** Opening GIVEN RECORDS block **

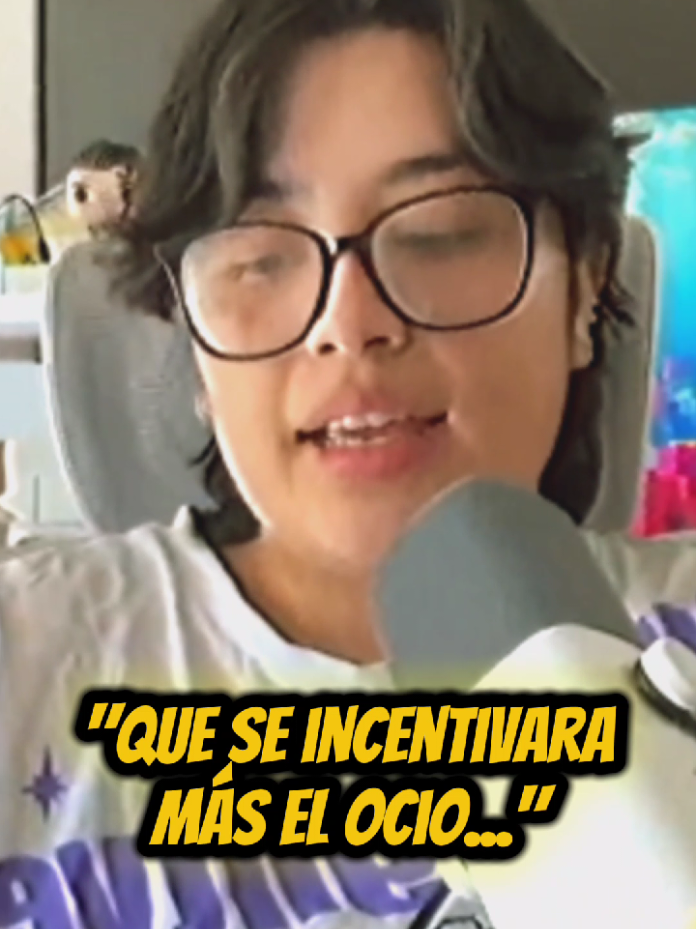 @Políticamente Moreno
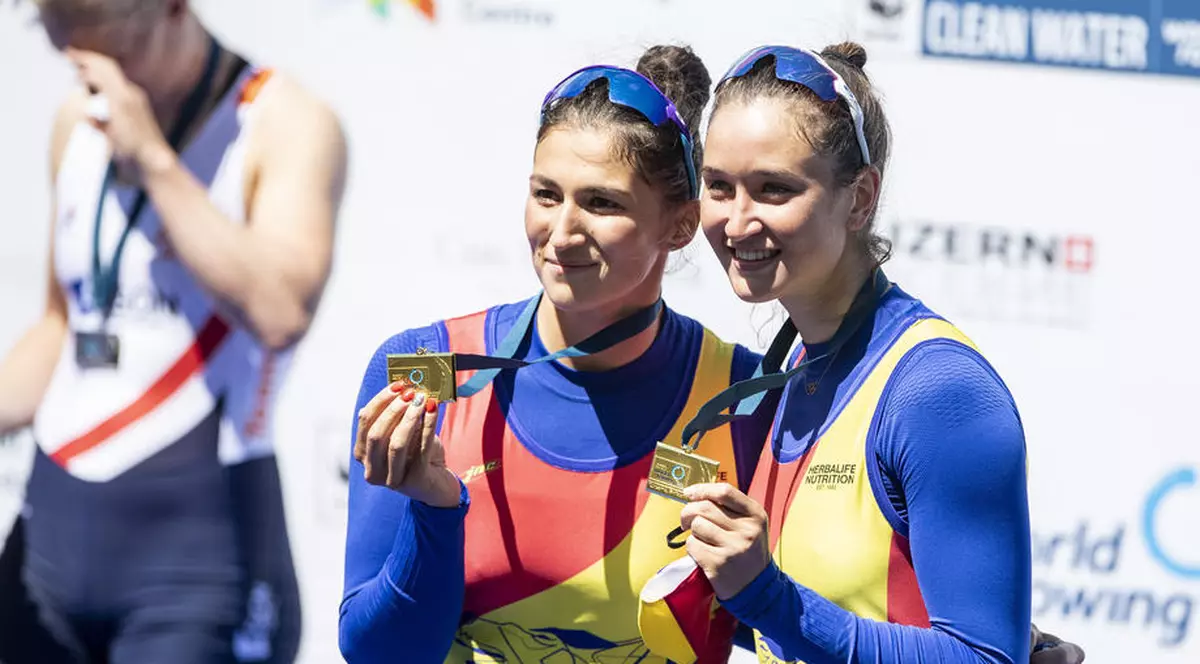 Pe ce loc a urcat România în clasamentul pe medalii la Jocurile Olimpice 2020, după aurul și argintul de la canotaj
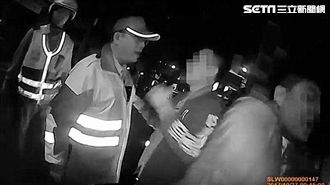 2醉男嗆警「X你娘！」　結果慘了
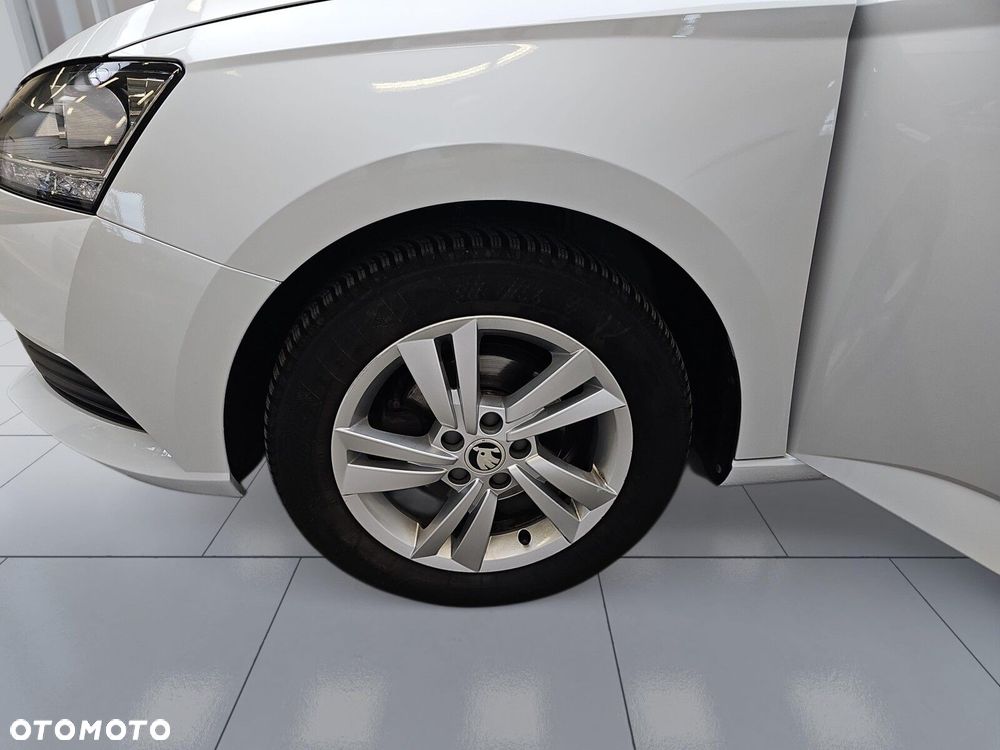 Skoda Fabia 1.0 TSI Ambition - 34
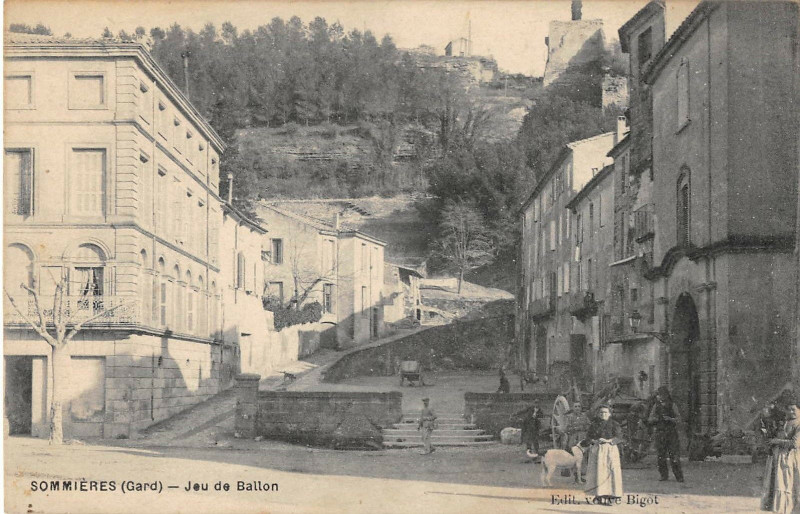 Carte postale ancienne Sommieres Jeu De Ballon à Sommières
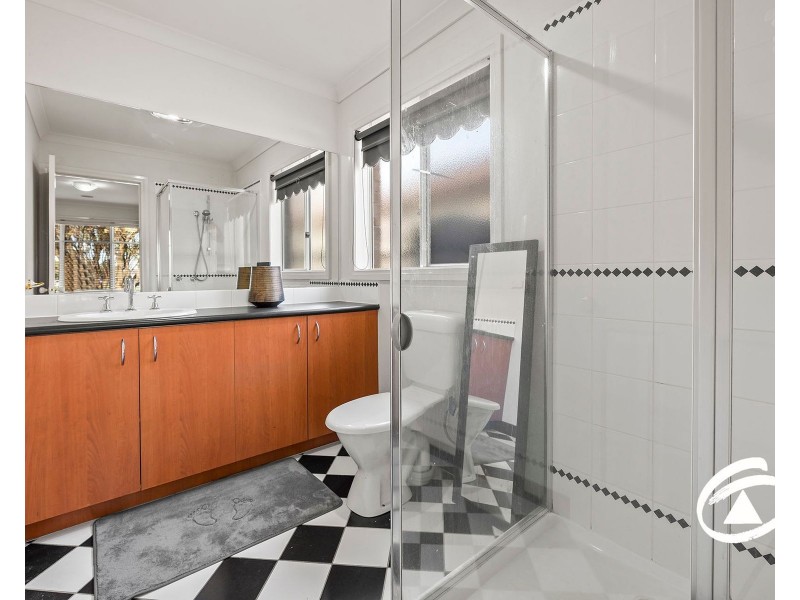 9 Wallingford Place, Narre Warren South VIC 3805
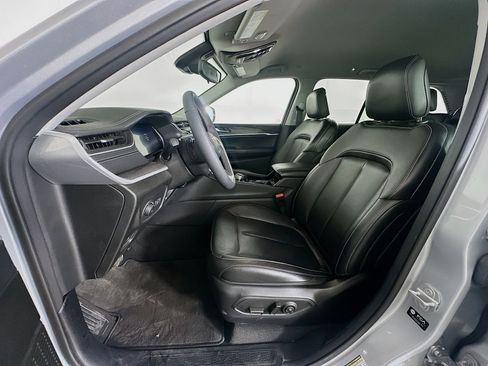 Used 2023 Jeep Grand Cherokee Limited image 13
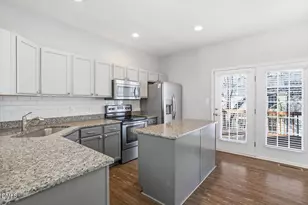 5531 Crabtree Park Ct, Raleigh, NC 27612 - Photo 13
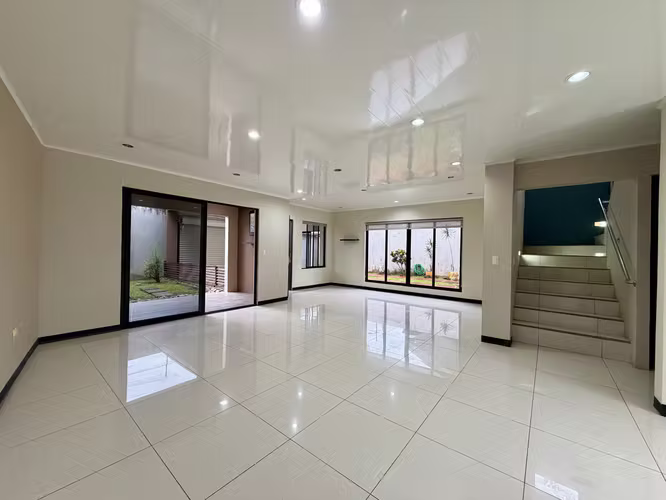 Casa en alquiler en San Isidro de Heredia - Imagen 2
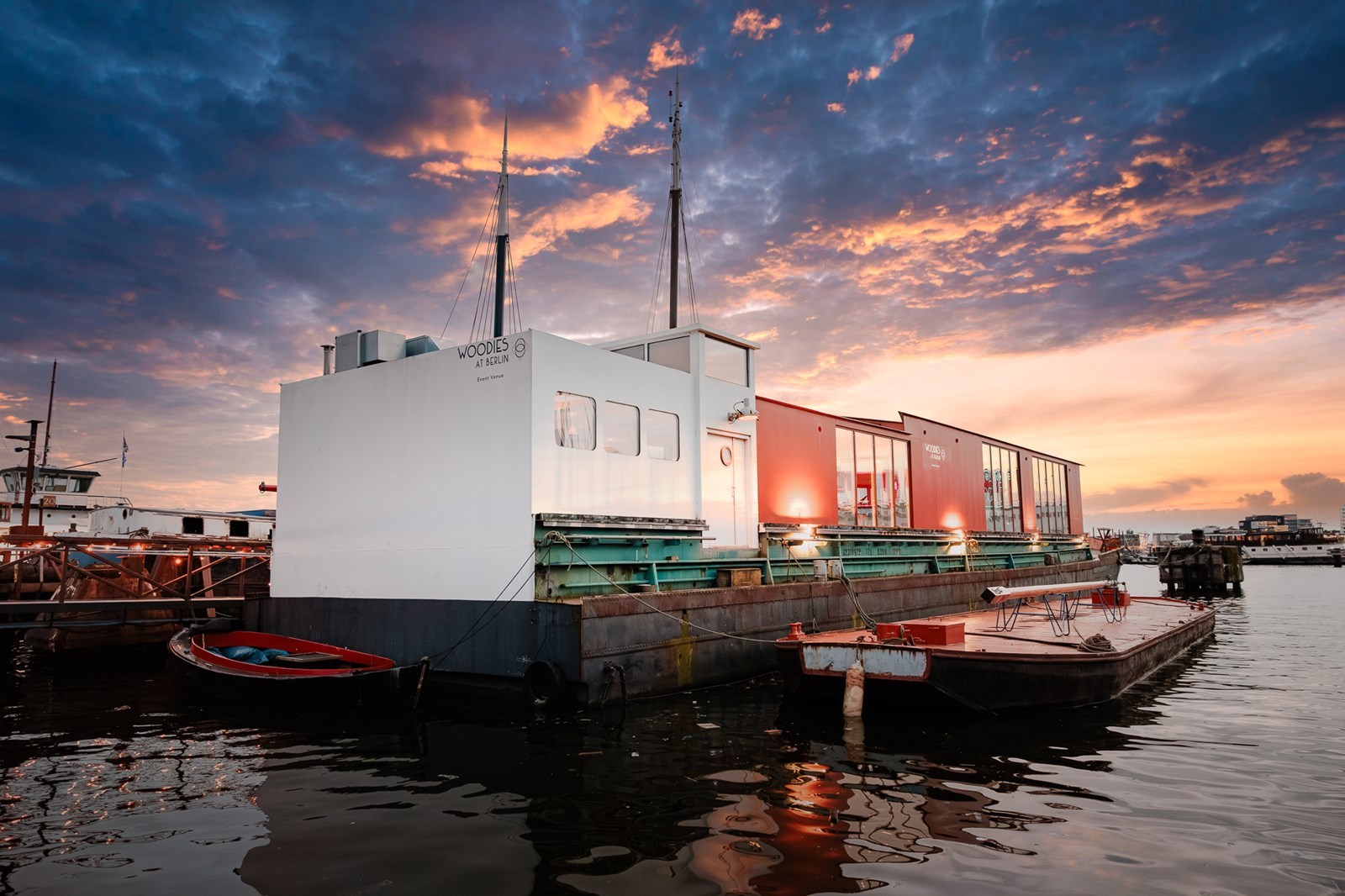 Origineel vergaderen op een stoer, historisch schip aan het IJ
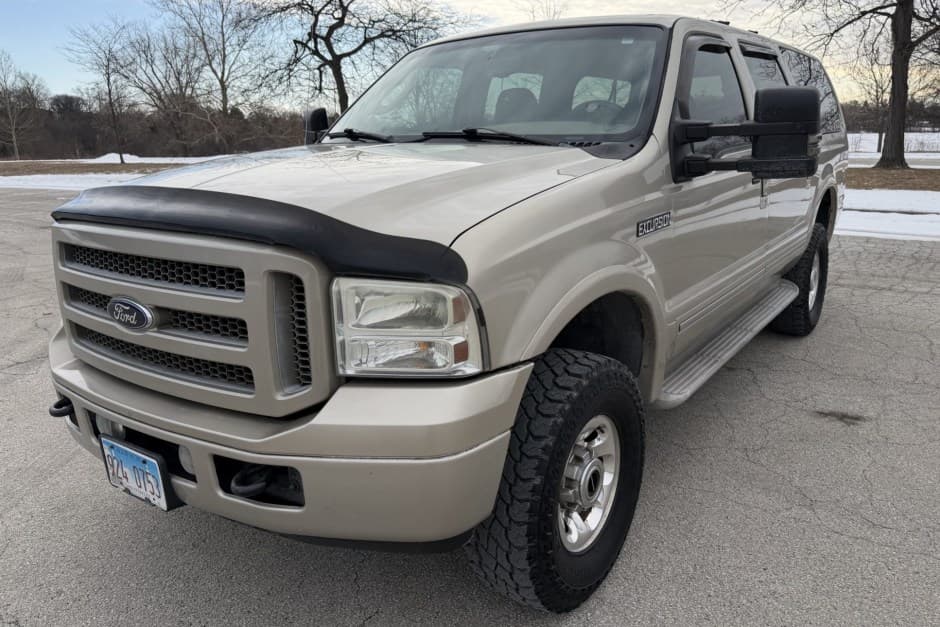 2005 Ford Excursion sold for $16,000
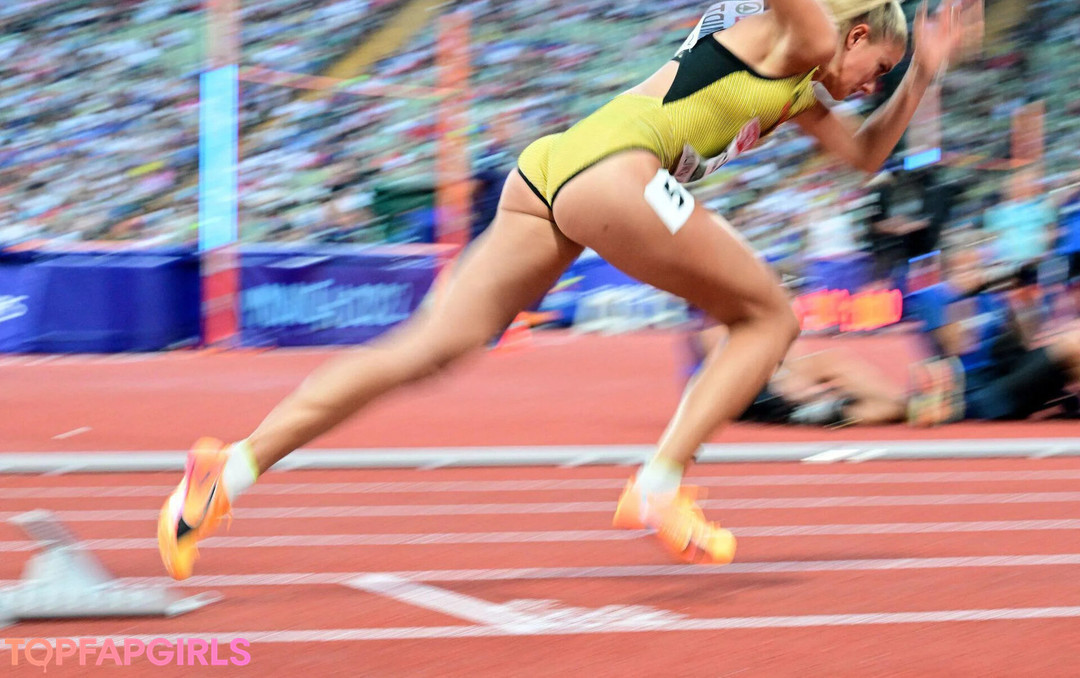 Foto desnuda filtrada de OnlyFans de Alica Schmidt #80 Foto desnuda filtrada de OnlyFans de Alica Schmidt #80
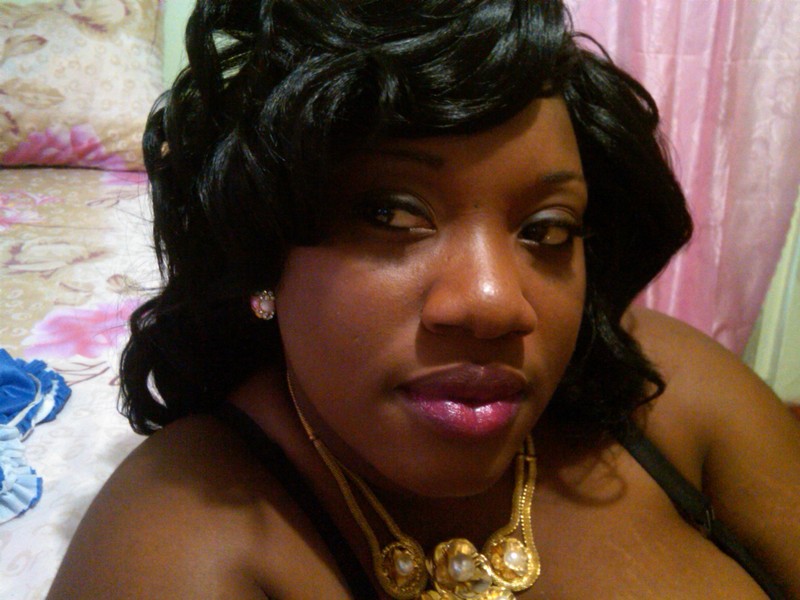 Date this georgeous United States girl Ms.Altitude from Queens US12691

** Closing GIVEN RECORDS block **

• EXERCISE BRIEF: Would you transcribe, exactly and only, the lines from the one that contains "Carte postale ancienne" through the last line of the data above, without any pictures?

• EXERCISE OUTPUT:
 Carte postale ancienne Sommieres Jeu De Ballon à Sommières
 9 Wallingford Place, Narre Warren South VIC 3805
 Used 2023 Jeep Grand Cherokee Limited image 13
 5531 Crabtree Park Ct, Raleigh, NC 27612 - Photo 13
 Casa en alquiler en San Isidro de Heredia - Imagen 2
 Origineel vergaderen op een stoer, historisch schip aan het IJ
 2005 Ford Excursion sold for $16,000
 Foto desnuda filtrada de OnlyFans de Alica Schmidt #80 Foto desnuda filtrada de OnlyFans de Alica Schmidt #80
 Date this georgeous United States girl Ms.Altitude from Queens US12691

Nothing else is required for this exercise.